Prosseguindo com a postagem das Catequeses do Papa Francisco sobre os vícios e as virtudes em vista da Quaresma deste Ano Jubilar de 2025, trazemos suas meditações sobre os vícios da “tristeza” e da acídia (preguiça):
Papa Francisco
Audiência Geral
Quarta-feira, 07 de fevereiro de 2024
Os vícios e as virtudes (7): A tristeza
Estimados irmãos e irmãs, bom dia!
No
nosso itinerário de Catequeses sobre os vícios e as virtudes hoje meditamos
sobre um vício bastante negativo, a tristeza, entendida como um
abatimento da alma, uma aflição constante que impede o homem de sentir alegria
pela sua existência.
Em
primeiro lugar é preciso observar que, no que diz respeito à tristeza, os
Padres elaboraram uma distinção importante. Com efeito, existe uma tristeza que
convém à vida cristã e que, com a graça de Deus, se transforma em alegria:
evidentemente, ela não deve ser rejeitada e faz parte do caminho de conversão.

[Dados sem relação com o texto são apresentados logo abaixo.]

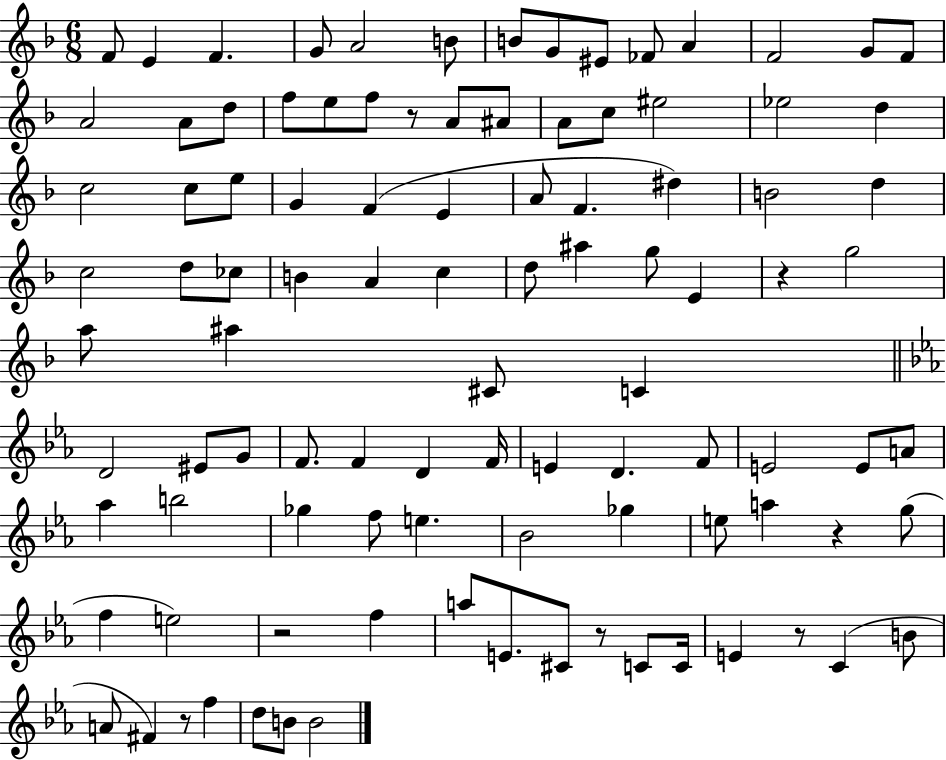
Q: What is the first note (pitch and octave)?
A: F4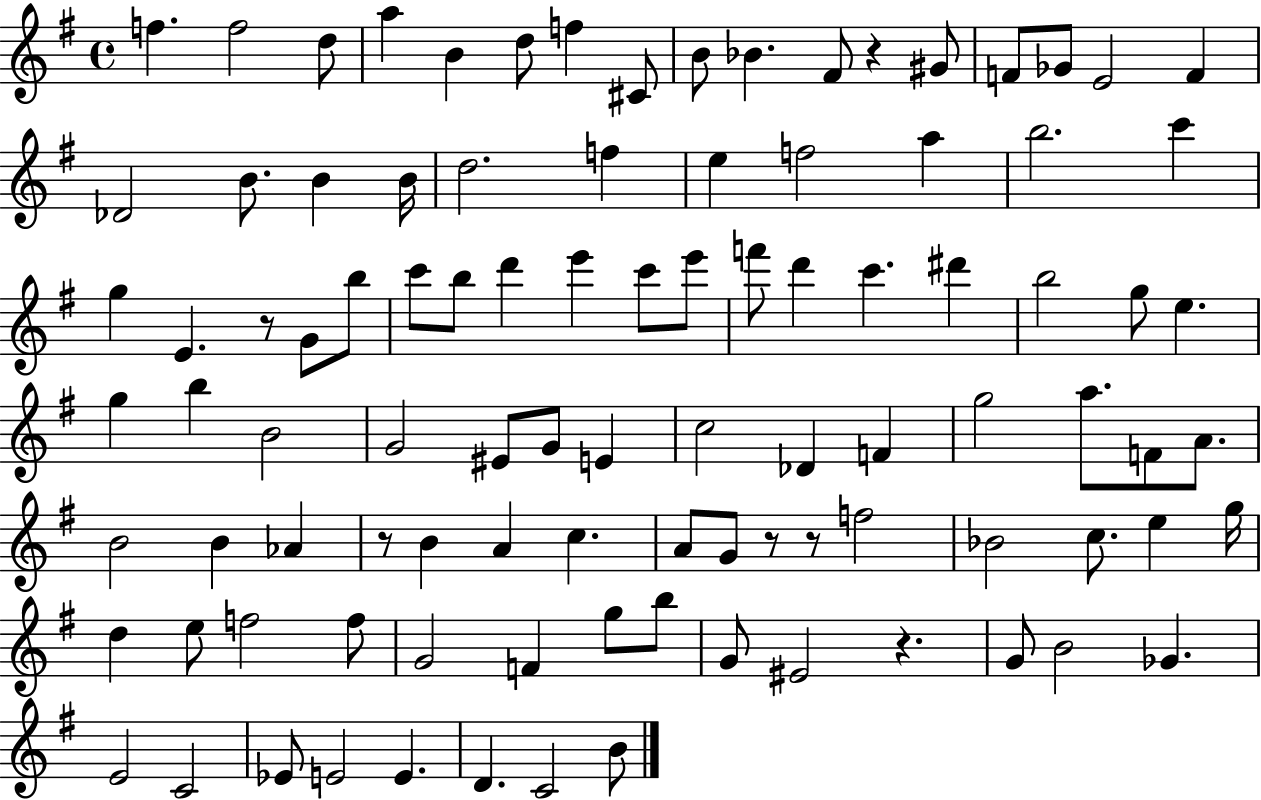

Mas existe também uma segunda figura de tristeza, que se insinua na
alma, prostrando-a em um estado de desânimo: é este segundo tipo de
tristeza que deve ser combatido com determinação e com toda a força, porque
deriva do Maligno. Encontramos esta distinção também em São Paulo que,
escrevendo aos coríntios, diz: «A tristeza segundo Deus produz uma mudança de
vida e, assim, leva à salvação. Mas a tristeza segundo o mundo produz a morte»
(2Cor 7,10).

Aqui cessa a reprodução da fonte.